Powszechnie mówi się, że sygnałem do wymiany ogumienia na zimowe powinny być nie pierwsze opady śniegu, ale spadek temperatur do 7 st. C. Czy to faktycznie najlepsze kryterium, czy powinniśmy kierować się czymś jeszcze?

Pierwsza kwestia jest taka, że w procesie produkcji stosuje się różne mieszanki dla opon letnich i opon zimowych. Dzięki czemu te drugie zachowują swoje parametry przy niskich temperaturach. Nie trzeba jednak czekać do przymrozków, żeby to odczuć. Już przy jesiennych temperaturach i mokrej nawierzchni, zapewniają one bardzo dobre parametry. Stąd rzeczywiście przyjęło się mówić, że przy 7 st. C warto już wymienić opony na zimowe i będzie to dobry wybór bez względu na aurę.

Czas wymiany opon to dobry moment, żeby przyjrzeć się ich kondycji. Jaki bieżnik powinna mieć opona i jakie jeszcze kryteria powinniśmy brać pod uwagę? Może wiek opony?

Polskie prawo wymaga, aby bieżnik miał głębokość minimum 1,6 mm. My jednak zalecamy przynajmniej 4 mm.

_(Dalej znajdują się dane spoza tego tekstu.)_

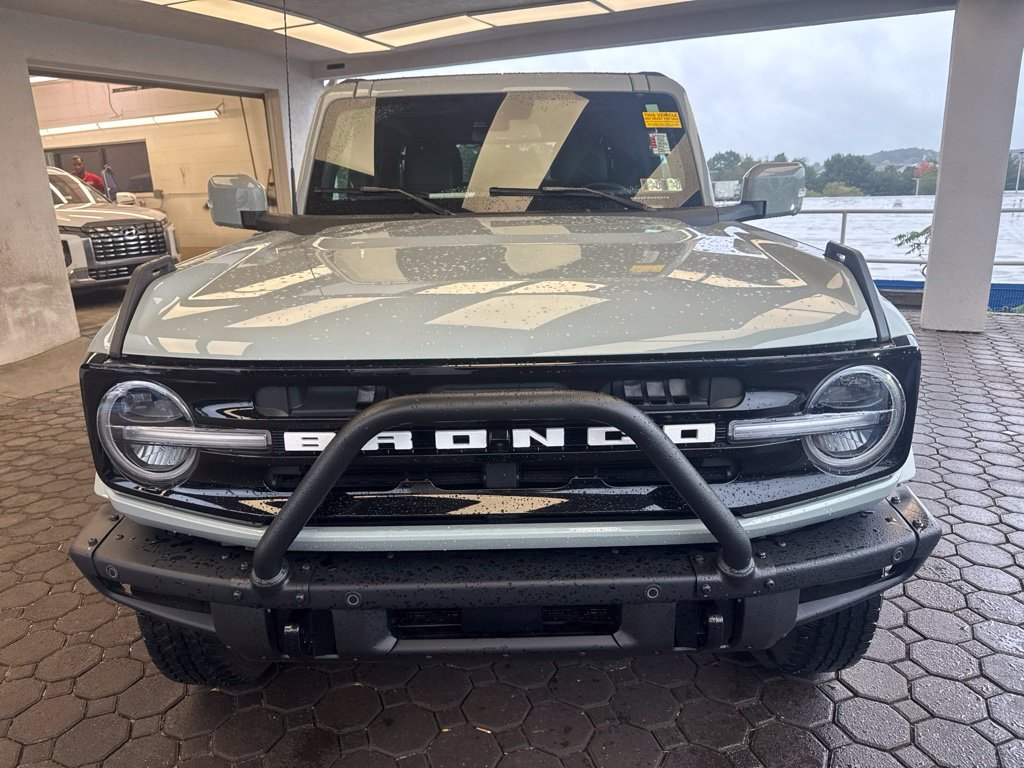 Used 2024 Ford Bronco Outer Banks AWD/4WD image 2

Należy pamiętać, że im niższy bieżnik tym mniejsze możliwości odprowadzania wody przez oponę, co zwiększa ryzyko wpadnięcia w poślizg.

Natomiast kiedy mowa o latach użytkowania opony, to jako standard przyjmuje się trzy lata. Jeśli pokonujemy nieduże przebiegi możemy teoretycznie zdecydować się na dłuższe korzystanie z tego samego kompletu, ale trzeba wziąć wtedy pod uwagę dodatkowe czynniki, takie jak to, czy opony zużywają się równomiernie, albo czy na ich kondycję nie wpłynął styl jazdy kierowcy. Pamiętajmy też, że jeśli auto nie jest garażowane, to także wpływa na stan gumy i jej właściwości. Przykładowo, jeśli pojazd stoi w kałuży, to w tej wodzie mogą znajdować się szkodliwe substancje chemiczne, niekorzystnie oddziałujące na gumową mieszankę.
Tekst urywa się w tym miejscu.